A number of the other issues mentioned above are not resolved just by separating the data release from the user data:
Users are still stuck with the dimension universe schema defined by the project.
We would still need namespacing to separate users from each other, and “work in progress” from “published data”.
With many users sharing the same database, scalability and the potential need for replication is still an issue.
Rather than a single shared Registry database, we could provide individual users/groups with their own databases. (This would likely be implemented as separate schemas in a shared server, rather than actual separate database instances per user.) This would alleviate the issues mentioned above, at the cost of increased operational complexity in creating and maintaining many individual databases.
There is one major problem with either of these approaches. The pipelines framework is not currently able to execute a run that combines data from multiple input databases. This would require that we either:
Build tooling to copy metadata for any needed inputs from the data release database into the user database.

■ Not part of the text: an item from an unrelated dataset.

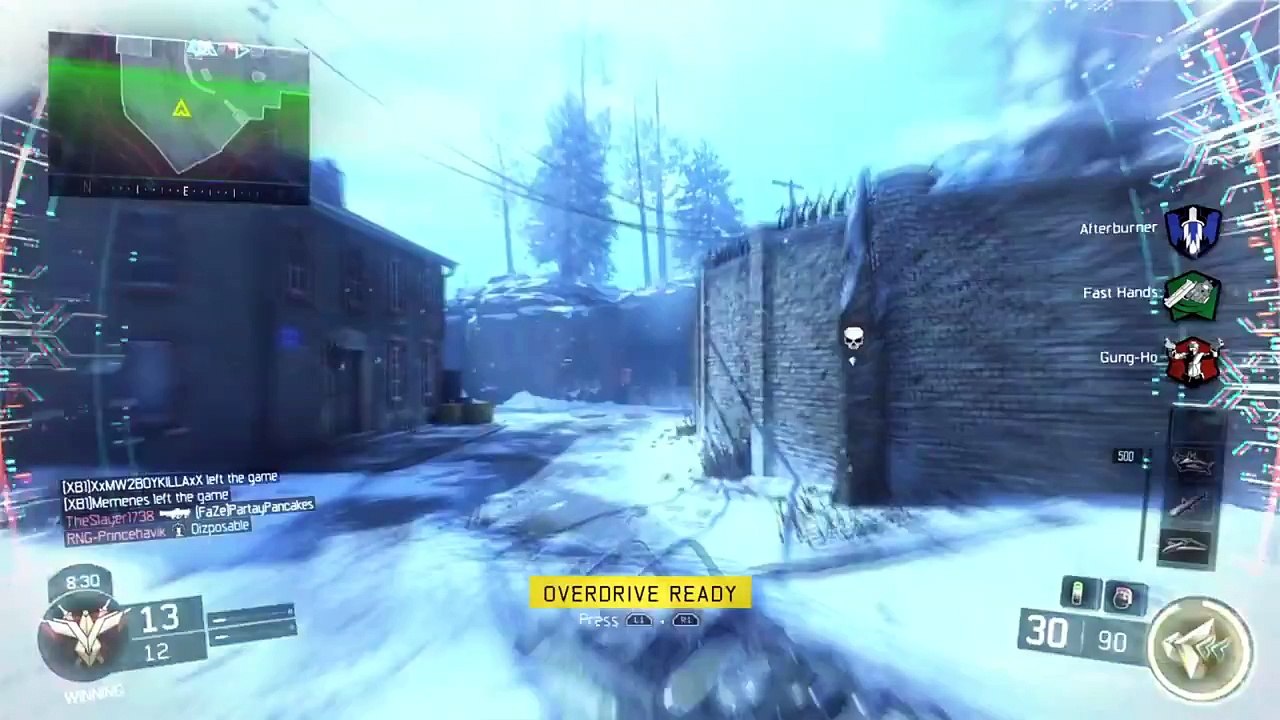 Enigma Plays: BO3 | Episode #02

Re-work the pipelines framework to eliminate this restriction.
Working copies in local SQLite databases#
Another approach would be for individual users to use private SQLite registry databases for work in progress, with a shared central server that they can publish data to in a batch.
SQLite databases are stored in a file on the file system. This has many of the advantages of the individual Postgres database approach described above, but gives users more flexibility because they can easily create as many databases as they need, share them like they would any other file, and remove them when they are no longer needed.
The downsides are:
On the Rubin Science Platform, users do not have access to local disk – there is only a network filesystem with a small quota (tens of gigabytes).
Tooling would be needed for copying inputs from the data release, and publishing results back to the shared user database.
No centralized maintenance is possible for schema updates – users are responsible for their own databases.
The local dimension universe would need to match the shared database in order to publish data.